RECORDS SHOWN: Begin

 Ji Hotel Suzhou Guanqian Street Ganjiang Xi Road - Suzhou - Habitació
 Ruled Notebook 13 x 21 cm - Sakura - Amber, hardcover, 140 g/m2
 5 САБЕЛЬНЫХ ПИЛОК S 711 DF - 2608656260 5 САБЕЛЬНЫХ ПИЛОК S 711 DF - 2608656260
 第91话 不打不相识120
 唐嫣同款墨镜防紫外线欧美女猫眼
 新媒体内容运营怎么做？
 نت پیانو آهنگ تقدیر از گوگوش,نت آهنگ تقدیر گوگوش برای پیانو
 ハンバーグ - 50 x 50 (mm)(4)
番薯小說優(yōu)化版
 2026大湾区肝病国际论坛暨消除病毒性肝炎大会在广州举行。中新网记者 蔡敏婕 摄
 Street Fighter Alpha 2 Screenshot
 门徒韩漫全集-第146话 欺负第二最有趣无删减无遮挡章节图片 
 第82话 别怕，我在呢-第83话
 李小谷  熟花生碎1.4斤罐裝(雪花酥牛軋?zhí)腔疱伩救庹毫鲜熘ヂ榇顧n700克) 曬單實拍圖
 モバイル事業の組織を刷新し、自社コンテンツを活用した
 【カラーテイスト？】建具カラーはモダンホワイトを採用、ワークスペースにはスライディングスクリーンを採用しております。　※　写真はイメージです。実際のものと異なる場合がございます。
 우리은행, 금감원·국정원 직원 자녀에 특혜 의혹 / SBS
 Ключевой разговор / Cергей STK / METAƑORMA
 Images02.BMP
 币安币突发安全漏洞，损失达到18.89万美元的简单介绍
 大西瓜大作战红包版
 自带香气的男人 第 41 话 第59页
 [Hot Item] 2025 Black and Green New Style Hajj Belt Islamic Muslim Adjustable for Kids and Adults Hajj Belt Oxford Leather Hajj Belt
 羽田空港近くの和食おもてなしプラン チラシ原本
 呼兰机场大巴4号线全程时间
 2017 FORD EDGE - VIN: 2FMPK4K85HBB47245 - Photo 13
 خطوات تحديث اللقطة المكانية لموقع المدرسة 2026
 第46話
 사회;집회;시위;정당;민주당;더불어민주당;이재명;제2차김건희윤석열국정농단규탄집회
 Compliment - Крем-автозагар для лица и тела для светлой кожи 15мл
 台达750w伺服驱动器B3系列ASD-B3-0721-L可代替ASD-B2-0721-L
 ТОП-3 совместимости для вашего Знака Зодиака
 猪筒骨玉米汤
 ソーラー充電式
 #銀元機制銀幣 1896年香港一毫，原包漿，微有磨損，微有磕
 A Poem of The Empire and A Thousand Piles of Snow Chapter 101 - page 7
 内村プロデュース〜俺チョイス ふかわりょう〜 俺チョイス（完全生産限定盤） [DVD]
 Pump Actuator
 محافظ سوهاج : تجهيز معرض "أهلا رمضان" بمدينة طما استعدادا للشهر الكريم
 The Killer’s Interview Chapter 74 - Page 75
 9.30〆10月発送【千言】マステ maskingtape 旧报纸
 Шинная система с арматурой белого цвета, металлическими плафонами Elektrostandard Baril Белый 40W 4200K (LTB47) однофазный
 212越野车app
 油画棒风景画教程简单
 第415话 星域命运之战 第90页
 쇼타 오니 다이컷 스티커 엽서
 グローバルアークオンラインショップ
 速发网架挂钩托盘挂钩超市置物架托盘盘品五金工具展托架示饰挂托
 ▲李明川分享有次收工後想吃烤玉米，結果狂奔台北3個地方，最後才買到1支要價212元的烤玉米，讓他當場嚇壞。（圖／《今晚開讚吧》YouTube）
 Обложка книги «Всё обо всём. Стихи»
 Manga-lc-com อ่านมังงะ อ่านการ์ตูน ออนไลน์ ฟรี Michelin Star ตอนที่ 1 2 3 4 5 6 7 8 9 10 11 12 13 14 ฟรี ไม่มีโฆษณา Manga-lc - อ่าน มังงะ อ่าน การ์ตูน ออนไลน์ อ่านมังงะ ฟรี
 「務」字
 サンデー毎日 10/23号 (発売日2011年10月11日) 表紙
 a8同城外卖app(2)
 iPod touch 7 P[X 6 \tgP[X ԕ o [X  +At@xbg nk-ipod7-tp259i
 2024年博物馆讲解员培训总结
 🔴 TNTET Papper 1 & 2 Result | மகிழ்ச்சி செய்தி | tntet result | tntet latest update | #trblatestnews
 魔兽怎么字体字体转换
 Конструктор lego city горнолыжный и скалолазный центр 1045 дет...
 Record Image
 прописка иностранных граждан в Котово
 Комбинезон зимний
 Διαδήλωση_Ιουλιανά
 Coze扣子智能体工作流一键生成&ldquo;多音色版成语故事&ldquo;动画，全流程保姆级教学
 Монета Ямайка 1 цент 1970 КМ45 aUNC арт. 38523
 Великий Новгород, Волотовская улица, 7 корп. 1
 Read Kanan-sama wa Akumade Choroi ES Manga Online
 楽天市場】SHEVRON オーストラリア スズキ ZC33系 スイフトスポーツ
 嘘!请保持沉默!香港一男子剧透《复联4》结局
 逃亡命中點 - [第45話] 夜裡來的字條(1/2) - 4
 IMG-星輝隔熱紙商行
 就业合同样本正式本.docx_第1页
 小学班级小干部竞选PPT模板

RECORDS SHOWN: End

▶ **PROBLEM**:
The records above are to be duplicated in full and exactly.

▶ **SOLUTION FOR THIS EXERCISE**:
 Ji Hotel Suzhou Guanqian Street Ganjiang Xi Road - Suzhou - Habitació
 Ruled Notebook 13 x 21 cm - Sakura - Amber, hardcover, 140 g/m2
 5 САБЕЛЬНЫХ ПИЛОК S 711 DF - 2608656260 5 САБЕЛЬНЫХ ПИЛОК S 711 DF - 2608656260
 第91话 不打不相识120
 唐嫣同款墨镜防紫外线欧美女猫眼
 新媒体内容运营怎么做？
 نت پیانو آهنگ تقدیر از گوگوش,نت آهنگ تقدیر گوگوش برای پیانو
 ハンバーグ - 50 x 50 (mm)(4)
番薯小說優(yōu)化版
 2026大湾区肝病国际论坛暨消除病毒性肝炎大会在广州举行。中新网记者 蔡敏婕 摄
 Street Fighter Alpha 2 Screenshot
 门徒韩漫全集-第146话 欺负第二最有趣无删减无遮挡章节图片 
 第82话 别怕，我在呢-第83话
 李小谷  熟花生碎1.4斤罐裝(雪花酥牛軋?zhí)腔疱伩救庹毫鲜熘ヂ榇顧n700克) 曬單實拍圖
 モバイル事業の組織を刷新し、自社コンテンツを活用した
 【カラーテイスト？】建具カラーはモダンホワイトを採用、ワークスペースにはスライディングスクリーンを採用しております。　※　写真はイメージです。実際のものと異なる場合がございます。
 우리은행, 금감원·국정원 직원 자녀에 특혜 의혹 / SBS
 Ключевой разговор / Cергей STK / METAƑORMA
 Images02.BMP
 币安币突发安全漏洞，损失达到18.89万美元的简单介绍
 大西瓜大作战红包版
 自带香气的男人 第 41 话 第59页
 [Hot Item] 2025 Black and Green New Style Hajj Belt Islamic Muslim Adjustable for Kids and Adults Hajj Belt Oxford Leather Hajj Belt
 羽田空港近くの和食おもてなしプラン チラシ原本
 呼兰机场大巴4号线全程时间
 2017 FORD EDGE - VIN: 2FMPK4K85HBB47245 - Photo 13
 خطوات تحديث اللقطة المكانية لموقع المدرسة 2026
 第46話
 사회;집회;시위;정당;민주당;더불어민주당;이재명;제2차김건희윤석열국정농단규탄집회
 Compliment - Крем-автозагар для лица и тела для светлой кожи 15мл
 台达750w伺服驱动器B3系列ASD-B3-0721-L可代替ASD-B2-0721-L
 ТОП-3 совместимости для вашего Знака Зодиака
 猪筒骨玉米汤
 ソーラー充電式
 #銀元機制銀幣 1896年香港一毫，原包漿，微有磨損，微有磕
 A Poem of The Empire and A Thousand Piles of Snow Chapter 101 - page 7
 内村プロデュース〜俺チョイス ふかわりょう〜 俺チョイス（完全生産限定盤） [DVD]
 Pump Actuator
 محافظ سوهاج : تجهيز معرض "أهلا رمضان" بمدينة طما استعدادا للشهر الكريم
 The Killer’s Interview Chapter 74 - Page 75
 9.30〆10月発送【千言】マステ maskingtape 旧报纸
 Шинная система с арматурой белого цвета, металлическими плафонами Elektrostandard Baril Белый 40W 4200K (LTB47) однофазный
 212越野车app
 油画棒风景画教程简单
 第415话 星域命运之战 第90页
 쇼타 오니 다이컷 스티커 엽서
 グローバルアークオンラインショップ
 速发网架挂钩托盘挂钩超市置物架托盘盘品五金工具展托架示饰挂托
 ▲李明川分享有次收工後想吃烤玉米，結果狂奔台北3個地方，最後才買到1支要價212元的烤玉米，讓他當場嚇壞。（圖／《今晚開讚吧》YouTube）
 Обложка книги «Всё обо всём. Стихи»
 Manga-lc-com อ่านมังงะ อ่านการ์ตูน ออนไลน์ ฟรี Michelin Star ตอนที่ 1 2 3 4 5 6 7 8 9 10 11 12 13 14 ฟรี ไม่มีโฆษณา Manga-lc - อ่าน มังงะ อ่าน การ์ตูน ออนไลน์ อ่านมังงะ ฟรี
 「務」字
 サンデー毎日 10/23号 (発売日2011年10月11日) 表紙
 a8同城外卖app(2)
 iPod touch 7 P[X 6 \tgP[X ԕ o [X  +At@xbg nk-ipod7-tp259i
 2024年博物馆讲解员培训总结
 🔴 TNTET Papper 1 & 2 Result | மகிழ்ச்சி செய்தி | tntet result | tntet latest update | #trblatestnews
 魔兽怎么字体字体转换
 Конструктор lego city горнолыжный и скалолазный центр 1045 дет...
 Record Image
 прописка иностранных граждан в Котово
 Комбинезон зимний
 Διαδήλωση_Ιουλιανά
 Coze扣子智能体工作流一键生成&ldquo;多音色版成语故事&ldquo;动画，全流程保姆级教学
 Монета Ямайка 1 цент 1970 КМ45 aUNC арт. 38523
 Великий Новгород, Волотовская улица, 7 корп. 1
 Read Kanan-sama wa Akumade Choroi ES Manga Online
 楽天市場】SHEVRON オーストラリア スズキ ZC33系 スイフトスポーツ
 嘘!请保持沉默!香港一男子剧透《复联4》结局
 逃亡命中點 - [第45話] 夜裡來的字條(1/2) - 4
 IMG-星輝隔熱紙商行
 就业合同样本正式本.docx_第1页
 小学班级小干部竞选PPT模板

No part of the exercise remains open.